Lakshmi Sankar on Atta Galatta and parenting

I meet Lakshmi at her bookstore-café. She walks in with an approachable attitude and begins to talk with one of her colleagues in her mother tongue. Instantly the space ‘Atta Galatta’ reminds me that it is equivalent to everything Indian in language, culture, arts and ethos and that which accepts and encourages the modern entertainment forms in English language too.Lakshmi final

Atta Galatta is also the space where a huge variety of cultural, literary and interesting events are hosted.

When I actually begin the conversation with Lakshmi on her journey in starting one of the most popular venue spaces in the city, Lakshmi shares, “I am from a small town near Thanjavur, Tamilnadu. I have been a single child and I spent my high school in Ooty in one of the convent schools like most households in Tamilnadu used to do for their children.

But I must mention that all the time I have spent at home, we had this huge neighbourhood which was like living in a community.

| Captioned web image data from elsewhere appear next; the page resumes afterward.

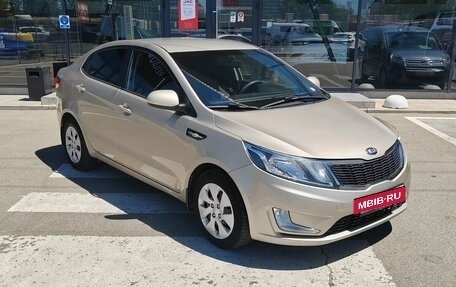 KIA Rio III рестайлинг, 2013 год, 1 011 000 рублей, 5 фотография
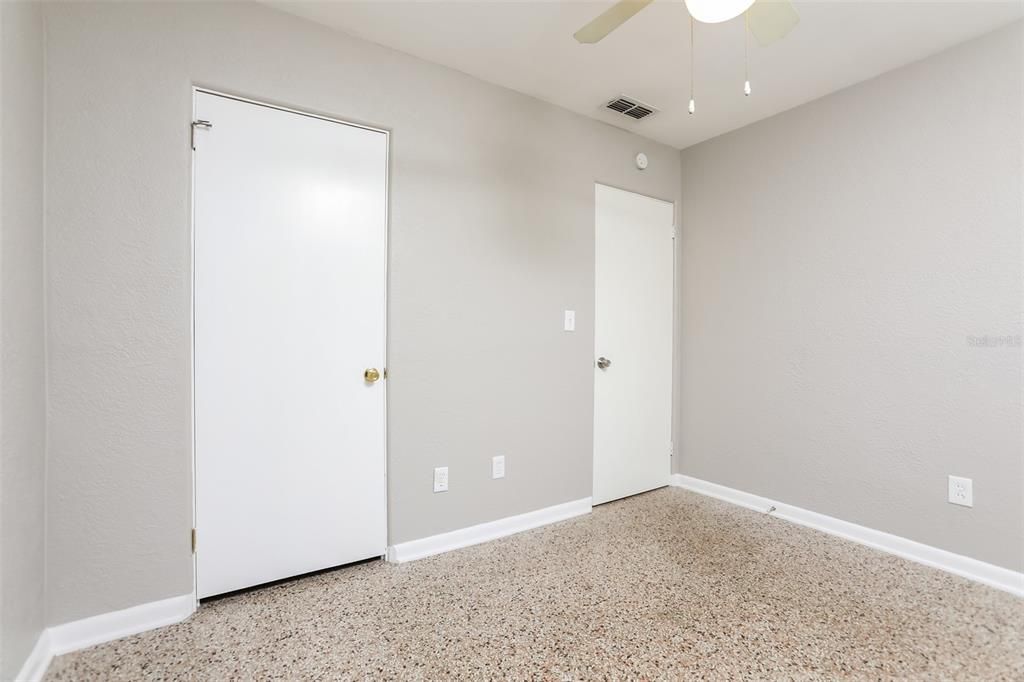 For Rent: $1,925 (3 beds, 1 baths, 1192 Square Feet)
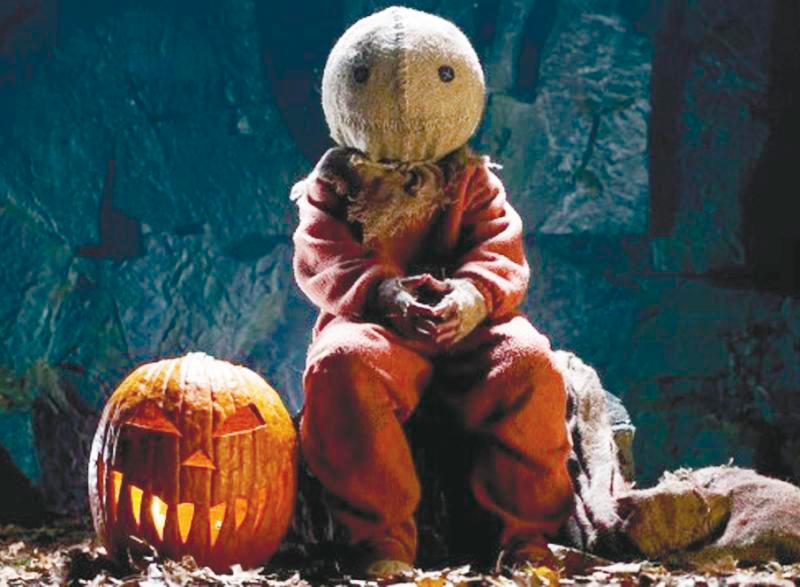 $!Despite being delayed for two years and having a limited amount of screenings at film festivals, Trick ‘r Treat received much critical acclaim and has since garnered a strong cult following. – Pastemagazine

I was working in a completely different sector. This has been one of the dreams which thankfully got materialized. I just happened to talk about creating such an initiative to Subodh, my husband and sooner than I realized we had it in our hands and we had to make this work for us.

It started as a regional bookstore and still has retained that flavour. So apart from English books we have a dedicated section for regional languages including Kannada, Hindi, Tamil and so many more. We also have a separate section for children’s books.”

Lakshmi admits though with a vibrant space she is expected to talk to lot of individuals which she does yet given a choice, she loves to be with herself and be behind the curtains.

When asked on managing work and home life she says looking all around her venue space, “ This is my life and I love being here. I have really not demarcated how life should be at home or at work. For me both are interlinked and merged.”

Being a single child, Lakshmi mentions she too has a single child. Her daughter is growing to be an adult and sees the changes in her thoughts and the way she wants to lead her life. Lakshmi says, “She does come here sometimes when we have larger events or when we need more people to manage our work.”

As a bookstore owner Lakshmi shares, “Though the previous generation grew up on western author’s books, we do see now parents and moms who are at the bookstore with kids trying to pick books written by Indian authors. Perhaps it resonates with the language spoken at home. So I am presuming the kids today when they grow up will love to read books of all genres and appreciate Indian books written by Indian authors too.”

Being in a position where she gets to observe a lot of parent-child relationship she says, “ It is important for parents to push for reading as part of life.  Also perhaps it is better to realize and value that childhood comes really once in our children’s lives. So I would say, it is worthy to participate in it wholeheartedly regardless of one being a working mom or a stay at home parent. The present generation kids most of them grow up on the idea of leaving the nest soon, so it is important to maximize one’s time to spend with them qualitatively.”

Mums and stories is glad to have featured Lakshmi and wishes her all the very best in life.

(Reshma Krishnamurthy from Mums and stories in conversation with Lakshmi Sankar)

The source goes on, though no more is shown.